Do you remember your first model airplane kit? Let me know if you do! Since I grew up around airplanes I don’t really remember building a specific model first, but I do have some vague memories of a plastic fighter airplane with lots of decals. I always wanted models with lots of decals – I guess decals were the precursor to today’s stickers that everyone (including me) loves to put in scrapbooks. And I loved those tiny paint jars, although I’m not sure how much of the paint actually wound up on the models themselves. My sisters and I could always find other things to do with it.

The picture below is a Comet model I bought about 30 years ago – it’s survived 14 military moves and has obviously turned into a retirement project! If I ever get it built, I’ll post it on the blog – not sure I’ll have enough nerve to fly it. You wouldn’t me to cry when it crashed, would you?


So what does all this have to do with my book? When we last left Arnold, he had just taken his first airplane flight at age eight. However, that flight didn’t come close to quenching his growing thirst for aviation; instead, it was like a shipwreck survivor gulping a cup of ocean water – it only makes one more desperate for the thing they cannot have.
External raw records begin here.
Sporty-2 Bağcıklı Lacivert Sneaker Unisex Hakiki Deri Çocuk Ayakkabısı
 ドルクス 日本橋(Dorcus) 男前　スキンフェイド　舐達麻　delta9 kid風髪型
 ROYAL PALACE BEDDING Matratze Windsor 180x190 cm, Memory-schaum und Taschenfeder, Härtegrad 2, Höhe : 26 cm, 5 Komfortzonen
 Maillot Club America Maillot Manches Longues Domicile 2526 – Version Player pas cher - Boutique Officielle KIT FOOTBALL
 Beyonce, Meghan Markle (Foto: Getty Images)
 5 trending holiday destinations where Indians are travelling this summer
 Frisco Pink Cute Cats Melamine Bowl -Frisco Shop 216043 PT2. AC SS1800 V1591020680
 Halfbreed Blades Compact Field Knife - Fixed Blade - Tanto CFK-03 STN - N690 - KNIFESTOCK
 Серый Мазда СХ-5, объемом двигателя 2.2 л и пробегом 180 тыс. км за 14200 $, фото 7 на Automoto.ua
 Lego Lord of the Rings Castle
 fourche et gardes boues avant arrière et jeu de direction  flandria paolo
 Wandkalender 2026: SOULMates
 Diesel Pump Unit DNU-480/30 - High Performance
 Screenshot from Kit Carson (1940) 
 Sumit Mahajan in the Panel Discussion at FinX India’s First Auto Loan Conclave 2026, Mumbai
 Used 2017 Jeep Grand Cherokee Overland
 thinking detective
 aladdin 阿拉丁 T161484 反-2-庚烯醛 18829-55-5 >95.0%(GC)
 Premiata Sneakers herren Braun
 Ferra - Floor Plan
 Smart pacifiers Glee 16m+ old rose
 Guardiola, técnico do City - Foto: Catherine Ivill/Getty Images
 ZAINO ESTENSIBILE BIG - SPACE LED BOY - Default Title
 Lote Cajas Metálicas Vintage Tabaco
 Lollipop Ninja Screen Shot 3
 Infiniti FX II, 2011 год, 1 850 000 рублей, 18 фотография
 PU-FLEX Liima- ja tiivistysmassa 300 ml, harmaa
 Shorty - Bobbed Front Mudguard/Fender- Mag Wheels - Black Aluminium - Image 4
Unable to fly real airplanes, Arnold eagerly purchased his first model airplane kit that same year. Like most small boys, he lusted for one of the expensive Cleveland Model & Supply Company kits that promised to teach the builder “how an airplane works, how it is put together, what makes it fly, [and] why it has to be the way it is,” but at four dollars they were well out of reach.  Instead, he wound up with a ten-cent model that turned into a huge disappointment. Upon opening the box, he discovered four pieces of balsa wood and a set of drawings. He had to transfer the drawings to the balsa wood to outline the pieces, carefully excise the pieces with a razor, and then glue them together. It was just too much for an eight-year-old, and the model turned into a mess.

However, the model fiasco was just a temporary setback; three years later, Arnold bought another kit. This kit cost a quarter, but it promised a flying model powered by a rubber band and small propeller. The more expensive kit also had pre-stamped outlines on the balsa wood, and between that and his improved eleven-year-old dexterity, he assembled the new model with few problems and learned how to fly it. The picture of my model kit above shows how Arnold’s kit would have looked.